Coming closer to our case, the defendants cite our decision in Movitz v. First National Bank of Chicago, 148 F.3d 760 (7th Cir. 1998). The plaintiff had bought a building in Houston in reliance on what he claimed was the defendant’s misrepresentation of its value. Had it not been for the misrepresentation he would not have bought it. Shortly after the purchase the Houston real estate market collapsed and his investment was wiped out. The misrepresentation had not caused that collapse but it had been a cause of the plaintiff’s buying the building and thus had contributed to his loss. Yet we ruled, without using the term “proximate cause,” that he could not recover from the defendant because (among other reasons) that would produce overdeterrence by making the defendant an insurer of conditions that he could not control. Id. at 763. That would be as futile as making the manufacturer of the scale an insurer of Mrs. Palsgraf’s loss.
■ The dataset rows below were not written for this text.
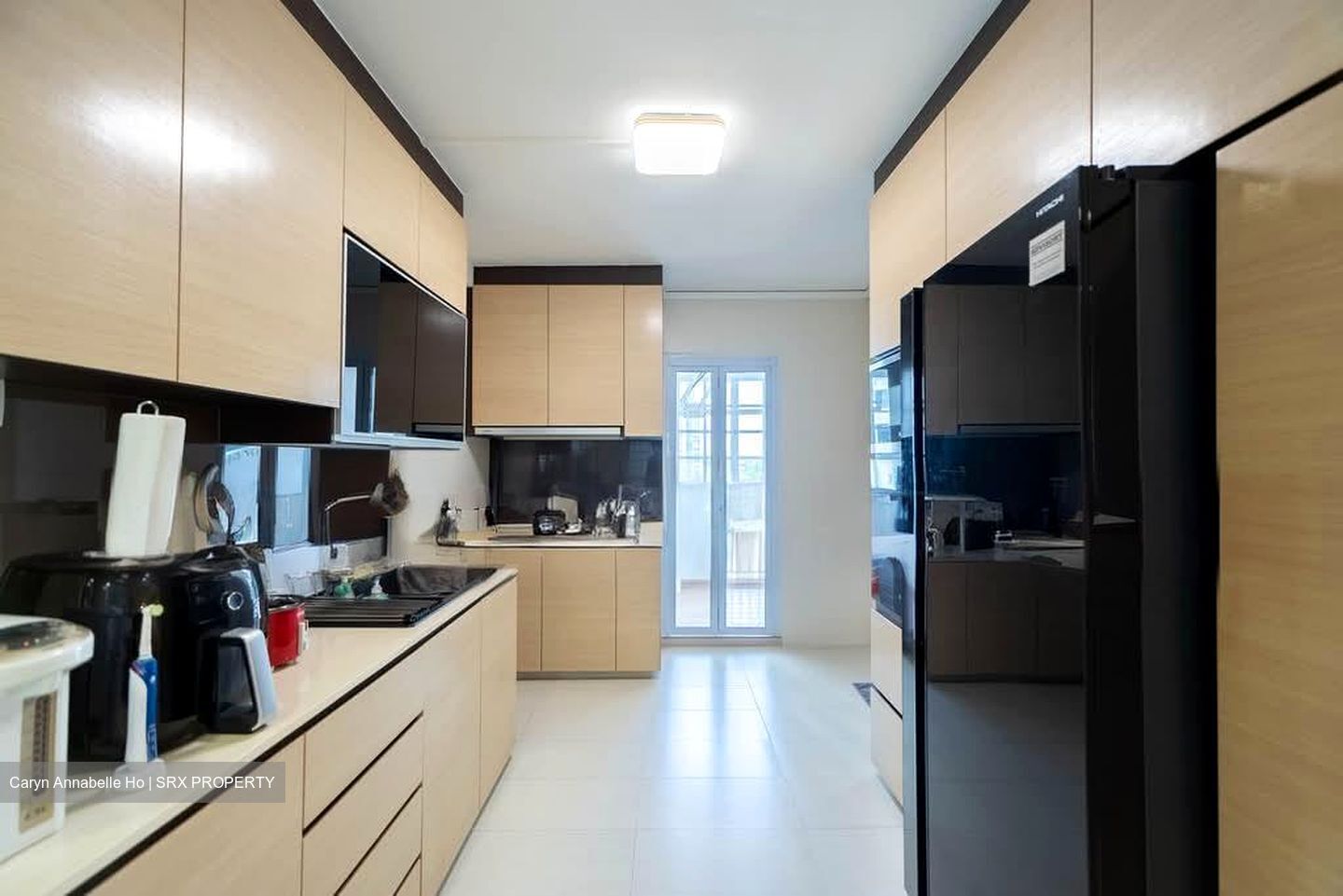 Blk 668 Choa Chu Kang Crescent (Choa Chu Kang), HDB 4 Rooms #575841361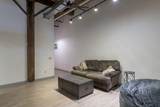 585 Upper Street - Photo 7
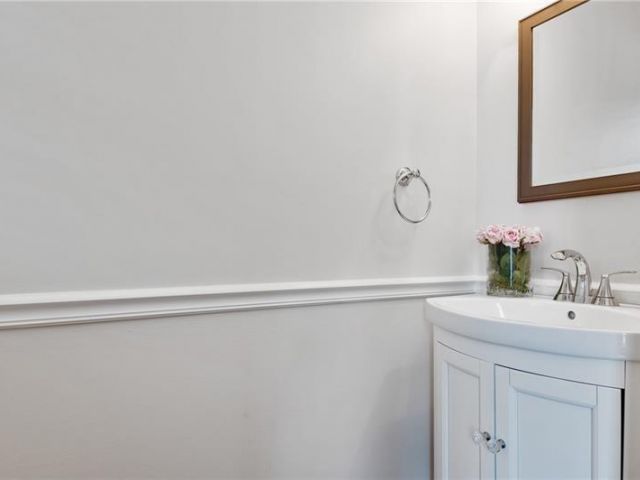 Home for sale at 804 SW 4th Ave 804 - photo 5492056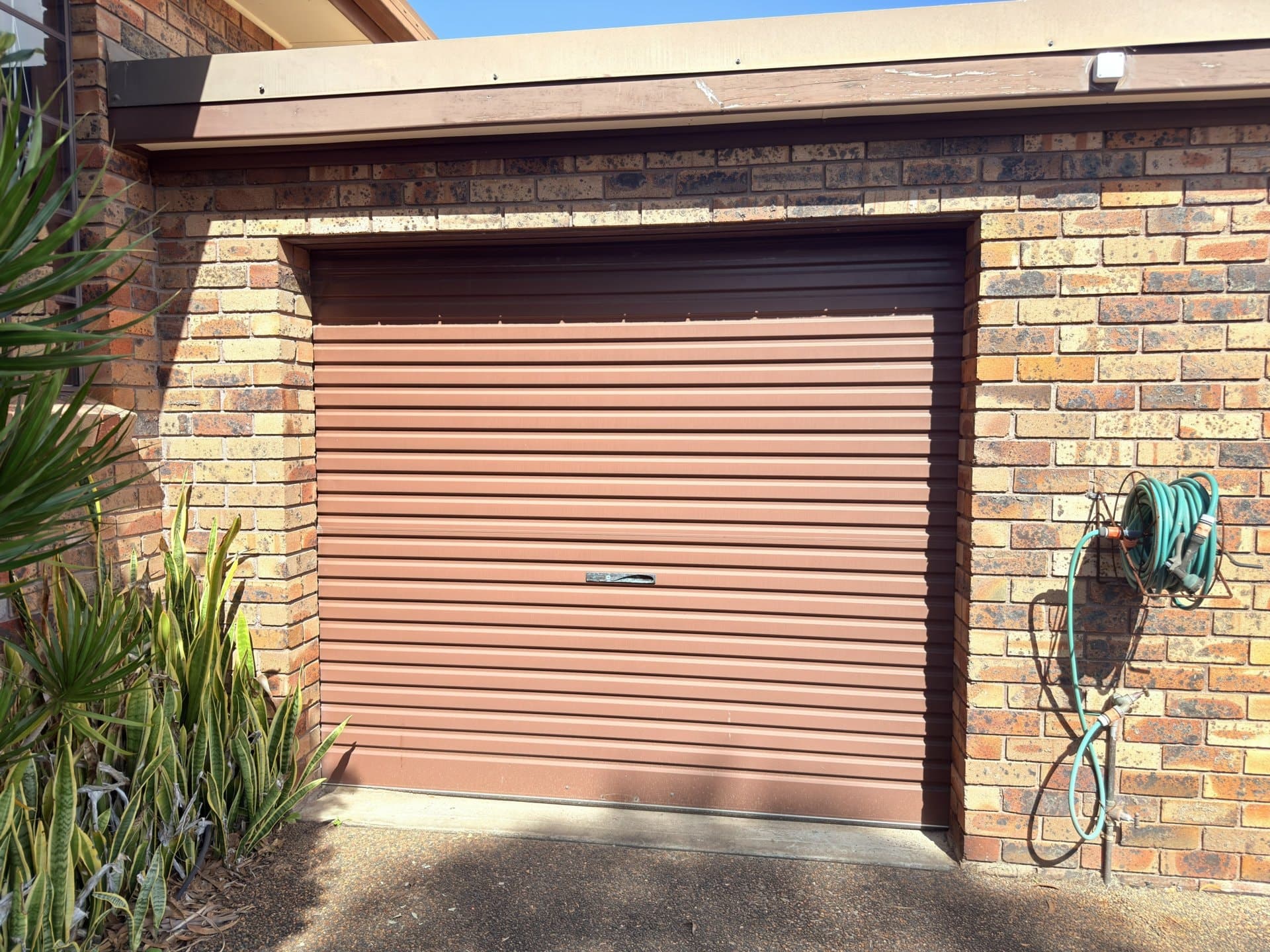 2/78 Bateau Bay Road, Bateau Bay, Bateau Bay - Image 1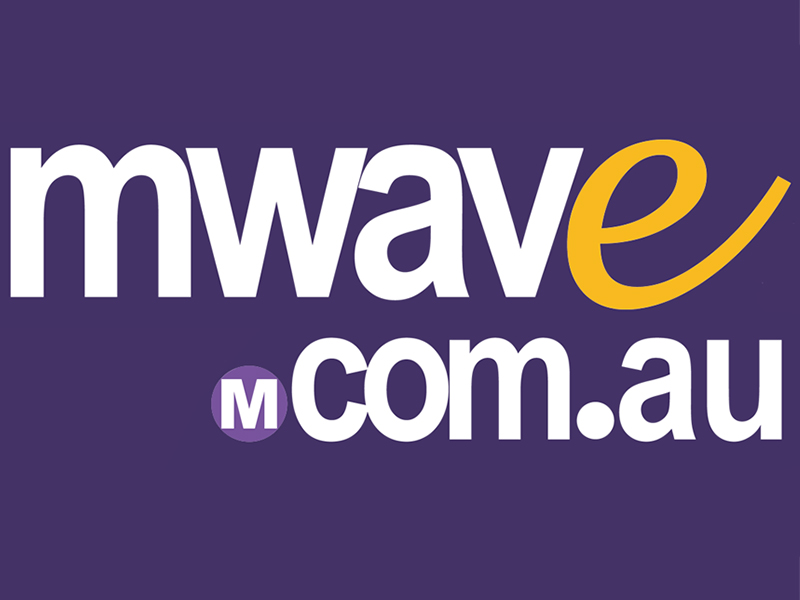 ESEL PTY LTD Intel® Solutions Marketplace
Proximate cause does not mean "but for."  Each of the examples the court of appeals gave could be "but for" causes of the perils described.  It means too remote

There is a lot to be said about the decision in Staub but for now, employers should continue to investigate allegations of employee misconduct only they should be sure to establish that information from an allegedly  biased (assuming that fact is asserted to begin with) should be independently corroborated so that the supervisor's alleged bias is as remote to the decision as possible.